True Blood encerrou sua sexta temporada ontem (18), e você já pode ler tudo aquilo que pensamos sobre a sua season finale (clique aqui para ler). Porém, a série não está sendo indicada ao Emmy Awards 2013 pela temporada que terminou ontem, mas sim, pela quinta temporada que, convenhamos, ficou abaixo da média.

Dito isso, não é de se estranhar que aquela que era a grande galinha dos ovos de ouro da HBO (até a chegada de Game of Thrones pelo menos) seja hoje uma mera esquecida na premiação mais importante da TV norte-americana. Devo aqui lembrar aos leitores do SpinOff.com.br que, em 2009, a série levou o prêmio de melhor elenco de série dramática, e em 2010, foi indicada na categoria de melhor série dramática. Ou seja, o que aconteceu?

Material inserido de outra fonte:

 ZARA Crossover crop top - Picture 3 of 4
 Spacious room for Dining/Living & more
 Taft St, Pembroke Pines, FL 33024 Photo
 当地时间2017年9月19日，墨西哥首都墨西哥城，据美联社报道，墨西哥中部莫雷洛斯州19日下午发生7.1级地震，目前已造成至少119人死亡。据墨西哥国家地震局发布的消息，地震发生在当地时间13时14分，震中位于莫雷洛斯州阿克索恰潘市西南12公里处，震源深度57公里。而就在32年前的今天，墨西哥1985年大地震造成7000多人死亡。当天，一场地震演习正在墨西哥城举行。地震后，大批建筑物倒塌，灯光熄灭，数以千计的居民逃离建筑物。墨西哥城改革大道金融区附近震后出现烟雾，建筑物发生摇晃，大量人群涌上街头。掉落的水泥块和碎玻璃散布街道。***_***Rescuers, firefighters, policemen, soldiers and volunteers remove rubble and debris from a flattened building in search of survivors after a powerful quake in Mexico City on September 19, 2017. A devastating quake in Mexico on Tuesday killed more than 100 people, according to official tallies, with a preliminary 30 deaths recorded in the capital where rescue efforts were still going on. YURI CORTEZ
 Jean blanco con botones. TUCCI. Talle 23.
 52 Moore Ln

O que aconteceu? A Sookie é uma fada, o Alcide só aparece pelado, os metamorfos, um vampiro megapoderoso que perdeu todos os poderes porque saiu distribuindo seu sangue para outros vampiros… bom, noves fora, True Blood resolveu colocar os dois pés no mundo da fantasia, virando para muitos o “samba do vampiro doido”. A boa notícia é que encontrei muita gente dizendo que a sexta temporada apresenta uma melhora (já que a série se definiu de vez nessa proposta), e pude comprovar isso ao ver o final da temporada.

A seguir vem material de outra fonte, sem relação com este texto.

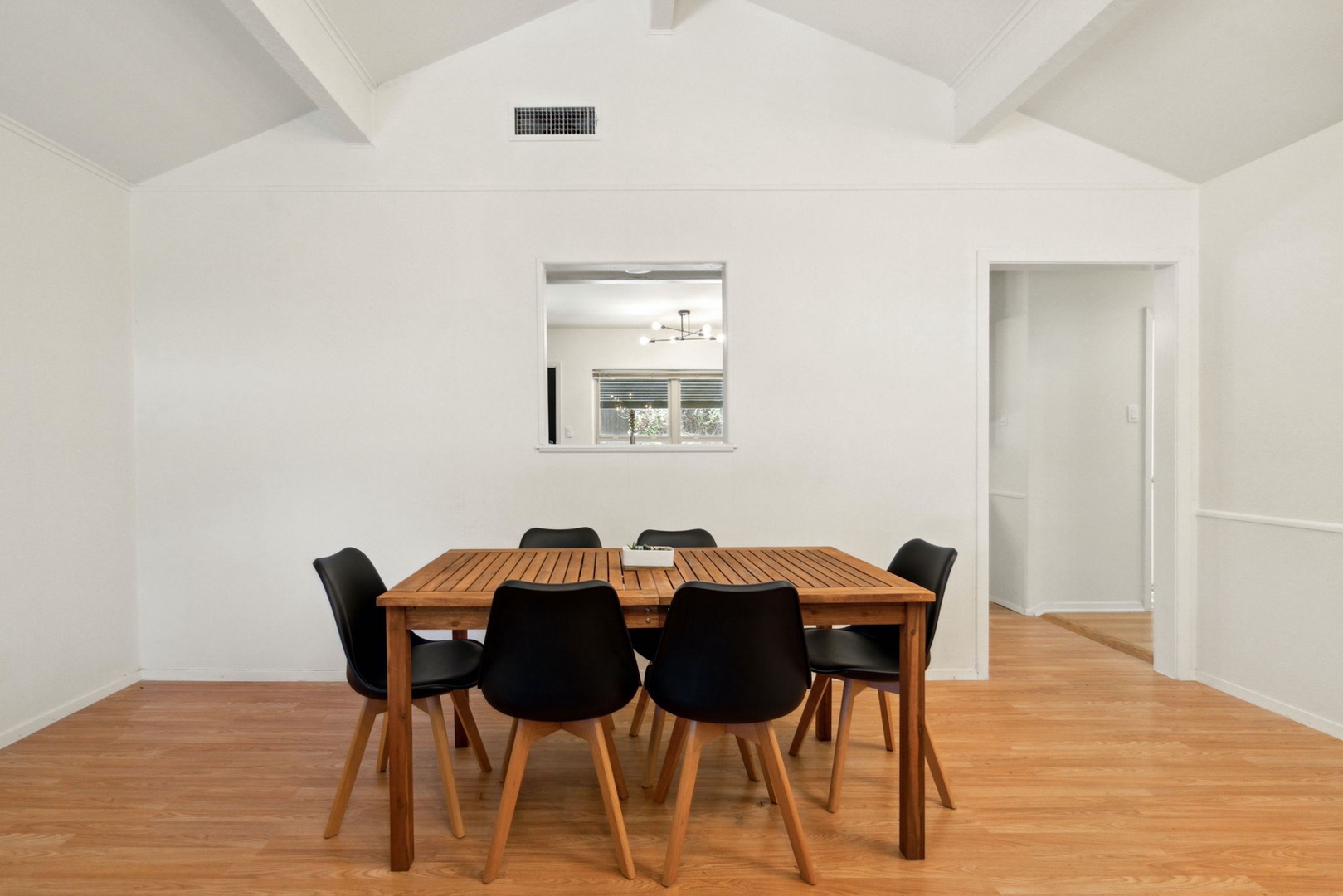 Dining table with seating for 6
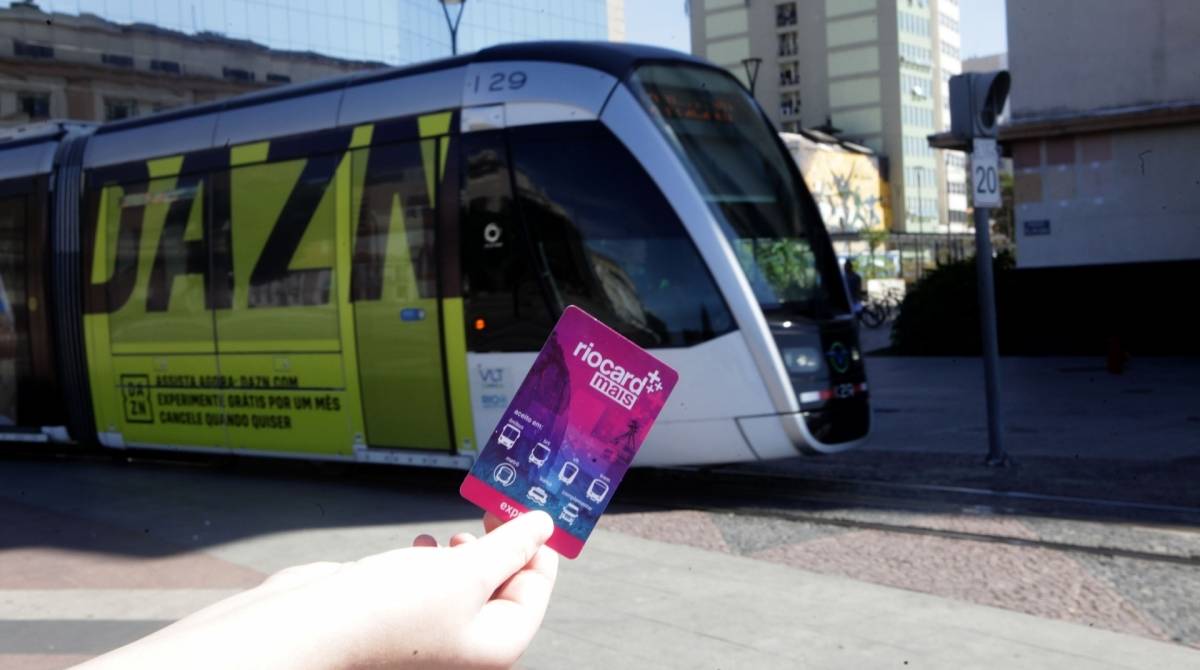 Rio, 22/07/2019 Troca dos cartoes rio Card, Barcas. Na foto novo cartao- . Foto: Ricardo Cassiano/Agencia O Dia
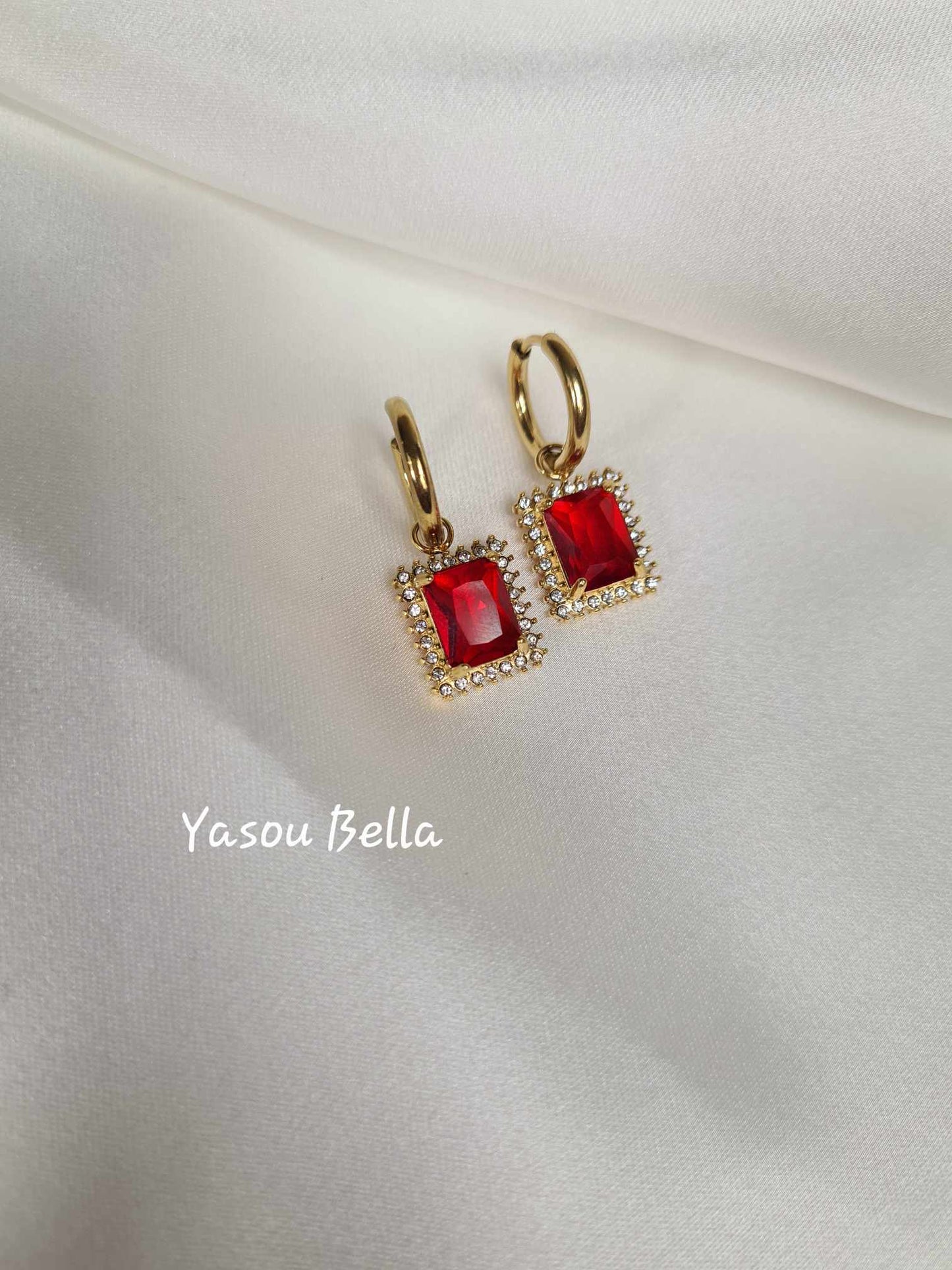 Boucles d'oreilles Orient Diamant Rouge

A má notícia é que, para outros tantos, a série se tornou “de gosto duvidoso”, o que não deixa de ser verdade. Também temos que considerar que séries melhores entraram no ar nos últimos três anos (Homeland, Game of Thrones, etc), e naturalmente, True Blood perdeu o seu espaço.

Logo, estar indicada a melhor direção de arte single-camera pode parecer pouco (e, de fato é), mas ao menos quer dizer que a série ainda é lembrada por alguma coisa que faz bem feito. A ambientação de Bon Temps é sim bem feita, com um trabalho de produção de qualidade. E isso porque eu nem falei do mundo das fadas (ou Bambuluá) que eles apresentaram.

Quem sabe em 2014 a série receba mais indicações. Se foi melhor que a temporada 5 (o que não é algo muito difícil, convenhamos), não é nenhum absurdo apostar em uma maior visibilidade nas premiações do ano que vem.